Uma vez, depois de um acidente genuíno que tive (de modo algum com risco de morte), disse‑me um membro "marcado" da hierarquia (símbolo semelhante ao da bandeira fascista de Itália, apenas com duas lâminas; esses membros usam‑no como se fosse um objecto mágico) que eu quase morri – um sinal de karma – porque não estou a cumprir devidamente o dever de Força Viva. Esta abordagem, para além do efeito de manipulação mental, é particularmente perigosa (é fácil perceber porquê, tendo em conta o fenómeno da profecia autorrealizável).
Juntamente com outros sinais de alerta, isto foi para mim uma prova de que as crenças que lhes implantam no cérebro podem mais tarde ser usadas para os manipular.
Mesmo tendo tudo isto em conta, foi muito difícil para mim sair do grupo; fiz‑o devagar, passo a passo, mas uma vez que comecei a ler livros de especialistas sobre influência mental antiética, bem como livros de história e política, percebi em que me havia envolvido e pude separar‑me completamente da Nova Acrópole, corpo e alma. É um processo longo e doloroso, mas agora sinto que a minha vida voltou, assim como a minha liberdade de pensamento.

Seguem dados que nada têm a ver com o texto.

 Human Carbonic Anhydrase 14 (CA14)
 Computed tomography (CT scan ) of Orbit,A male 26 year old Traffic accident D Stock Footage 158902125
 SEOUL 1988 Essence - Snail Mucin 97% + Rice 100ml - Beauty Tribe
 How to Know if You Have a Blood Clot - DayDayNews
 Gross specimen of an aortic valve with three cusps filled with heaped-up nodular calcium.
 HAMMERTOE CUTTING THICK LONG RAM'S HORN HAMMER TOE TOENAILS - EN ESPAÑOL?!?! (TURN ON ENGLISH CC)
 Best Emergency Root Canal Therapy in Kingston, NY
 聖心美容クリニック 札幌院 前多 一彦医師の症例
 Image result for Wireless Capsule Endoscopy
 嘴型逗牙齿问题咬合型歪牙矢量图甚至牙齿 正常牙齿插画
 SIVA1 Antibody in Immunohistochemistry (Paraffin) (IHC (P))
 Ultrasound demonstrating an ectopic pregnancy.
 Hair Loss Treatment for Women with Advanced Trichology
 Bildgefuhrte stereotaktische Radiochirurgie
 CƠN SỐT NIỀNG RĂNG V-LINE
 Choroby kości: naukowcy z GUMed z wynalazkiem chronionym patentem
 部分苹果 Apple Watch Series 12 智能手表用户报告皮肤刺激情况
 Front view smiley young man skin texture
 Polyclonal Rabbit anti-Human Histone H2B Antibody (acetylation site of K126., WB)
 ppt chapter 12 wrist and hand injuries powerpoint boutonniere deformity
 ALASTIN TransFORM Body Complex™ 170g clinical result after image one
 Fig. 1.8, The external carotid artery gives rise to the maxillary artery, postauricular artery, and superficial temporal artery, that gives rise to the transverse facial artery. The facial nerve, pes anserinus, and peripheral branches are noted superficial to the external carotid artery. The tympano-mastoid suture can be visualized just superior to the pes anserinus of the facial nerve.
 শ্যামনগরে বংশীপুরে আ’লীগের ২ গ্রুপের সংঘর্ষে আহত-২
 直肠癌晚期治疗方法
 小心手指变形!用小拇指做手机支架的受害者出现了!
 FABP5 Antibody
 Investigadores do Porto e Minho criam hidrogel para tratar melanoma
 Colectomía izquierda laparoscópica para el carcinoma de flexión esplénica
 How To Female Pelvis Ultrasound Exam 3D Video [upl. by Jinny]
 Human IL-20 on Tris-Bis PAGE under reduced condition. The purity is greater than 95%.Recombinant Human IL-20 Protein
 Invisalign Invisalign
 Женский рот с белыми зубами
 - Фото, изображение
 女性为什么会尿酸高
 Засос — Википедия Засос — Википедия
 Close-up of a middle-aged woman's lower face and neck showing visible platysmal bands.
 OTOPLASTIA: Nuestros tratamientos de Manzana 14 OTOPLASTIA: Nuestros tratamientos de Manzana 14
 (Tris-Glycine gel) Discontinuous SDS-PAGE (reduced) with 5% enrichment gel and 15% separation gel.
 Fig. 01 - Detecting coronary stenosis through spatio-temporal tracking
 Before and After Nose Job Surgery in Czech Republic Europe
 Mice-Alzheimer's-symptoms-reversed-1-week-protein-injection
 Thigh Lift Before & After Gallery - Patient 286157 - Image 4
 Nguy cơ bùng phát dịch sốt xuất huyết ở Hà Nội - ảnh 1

Desde então tenho estado em contacto com muitos ex‑membros da Nova Acrópole em todo o mundo; os problemas são os mesmos em todo o lado; não estão relacionados com defeitos de alguns líderes (como muitas vezes nos dizem) mas enraizados nos planos e na personalidade do criador da Nova Acrópole.
Aos membros da Nova Acrópole que dizem – bem, gosto das actividades e as pessoas são simpáticas, está bem envolver‑me – respondo: leiam atentamente os escritos internos de JAL (disponíveis na internet, sim eu sei que a Nova Acrópole diz que não são verdadeiros… mas podem ligar esses textos ao comportamento de que são testemunhas) e pensem bem se este é o mundo em que gostariam de viver. As actividades públicas são apenas plataformas de recrutamento; participar nelas é apoiar o crescimento da Nova Acrópole e a difusão da sua ideologia totalitária.